An examination of the remaining justhtml codebase indicates that other block-level elements do not currently require the same dynamic delimiter calculation. Elements like <blockquote> or <ul> do not use closing fences in the same structural manner as <pre>. The current patch logic is tightly localized to the to_markdown() backtick enumeration phase and completely resolves the identified CWE-79 vector.
Furthermore, the patch assumes the downstream Markdown parser perfectly adheres to the CommonMark specification regarding backtick fence length termination. If a specific downstream implementation contains parsing discrepancies or edge cases regarding fence termination limits, highly specific variant breakouts might occur. Developers must pair the upgraded justhtml library with a strictly compliant, standardized Markdown renderer to prevent cross-parser exploitation scenarios.
The primary and most effective remediation strategy is to immediately upgrade the justhtml library to version 1.13.0 or later. This version contains the dynamic fence calculation logic that mathematically guarantees the strict encapsulation of backtick sequences within <pre> elements. Package managers can apply this update seamlessly via pip install justhtml>=1.13.0.
In environments where immediate patching is not technically feasible, developers must implement secondary, post-processing sanitization controls. This involves passing the finalized output of justhtml through a robust, dedicated HTML sanitizer, such as bleach, before rendering the content in the DOM. Alternatively, downstream Markdown renderers can be strictly configured to universally forbid the processing of raw HTML tags.
Security teams should systematically audit their codebases to identify all instances where untrusted user input is passed to JustHTML.to_markdown().

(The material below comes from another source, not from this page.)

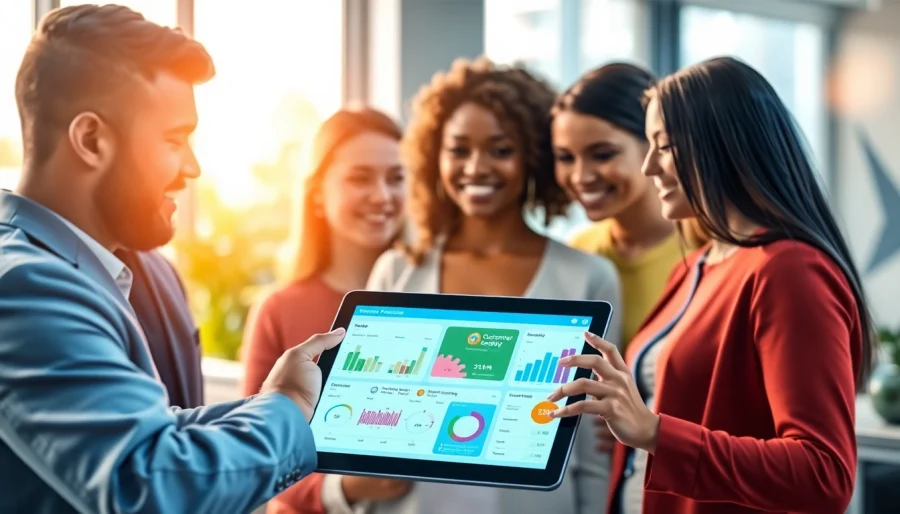 Showcasing the innovative features of Customer Loyalty Software through an engaging digital dashboard.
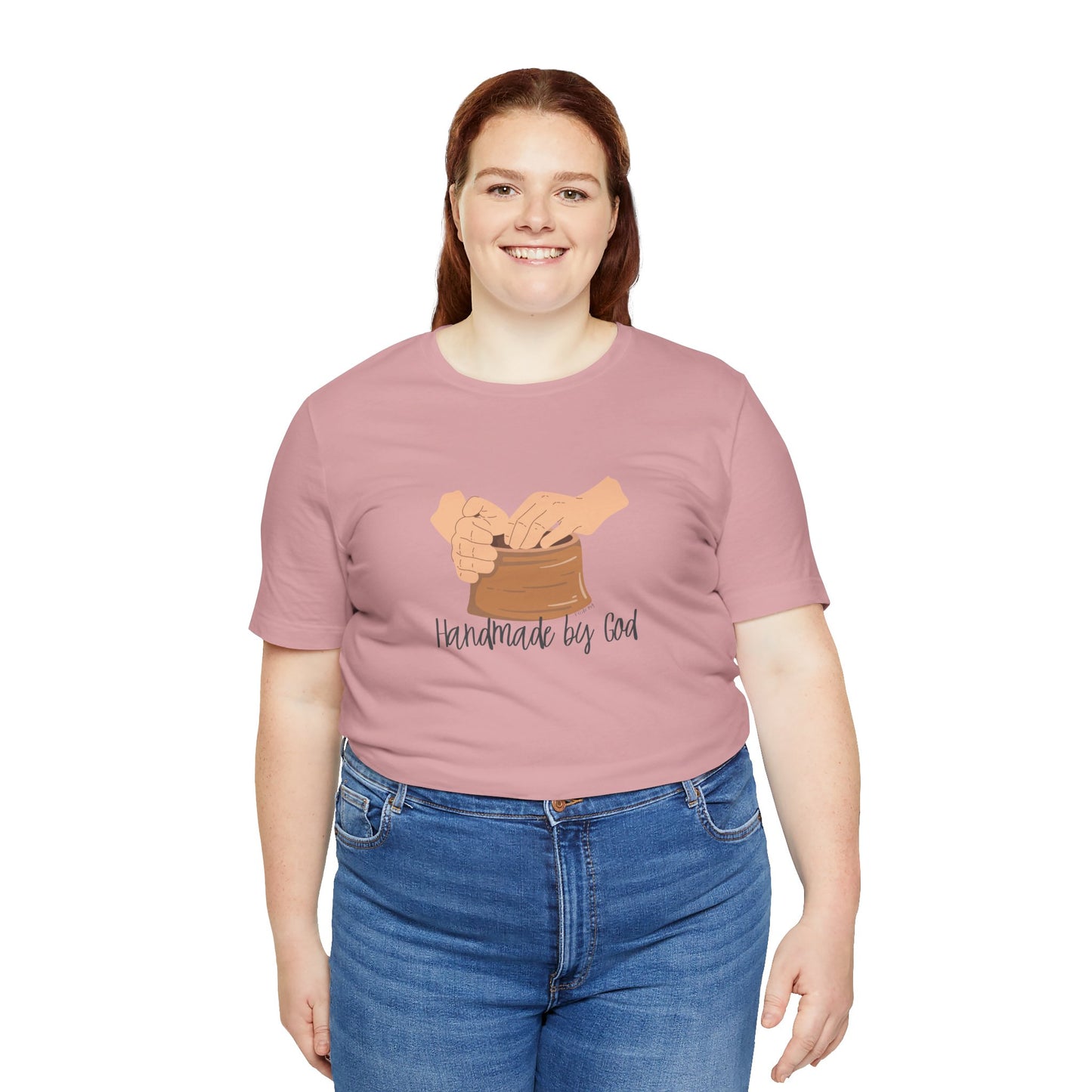 "Handmade by God" (pottery) Unisex Jersey Short Sleeve Tee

Implementing strict Content Security Policy (CSP) headers provides a critical defense-in-depth layer, inherently restricting the execution of inline scripts and sharply mitigating the impact of any successful XSS injections.
CVSS:3.1/AV:N/AC:L/PR:N/UI:R/S:C/C:L/I:L/A:N| Product | Affected Versions | Fixed Version |
|---|---|---|
justhtml EmilStenstrom | < 1.13.0 | 1.13.0 |
| Attribute | Detail |
|---|---|
| CWE ID | CWE-79, CWE-74 |
| Attack Vector | Network |
| CVSS v3.1 Score | 7.5 (High) |
| Impact | Arbitrary JavaScript Execution |
| Exploit Status | Proof of Concept Available |
| KEV Status | Not Listed |
| Affected Component | justhtml.to_markdown() |
| Remediation | Upgrade to >= 1.13.0 |
The software does not neutralize or incorrectly neutralizes user-controllable input before it is placed in output that is used as a web page that is served to other users.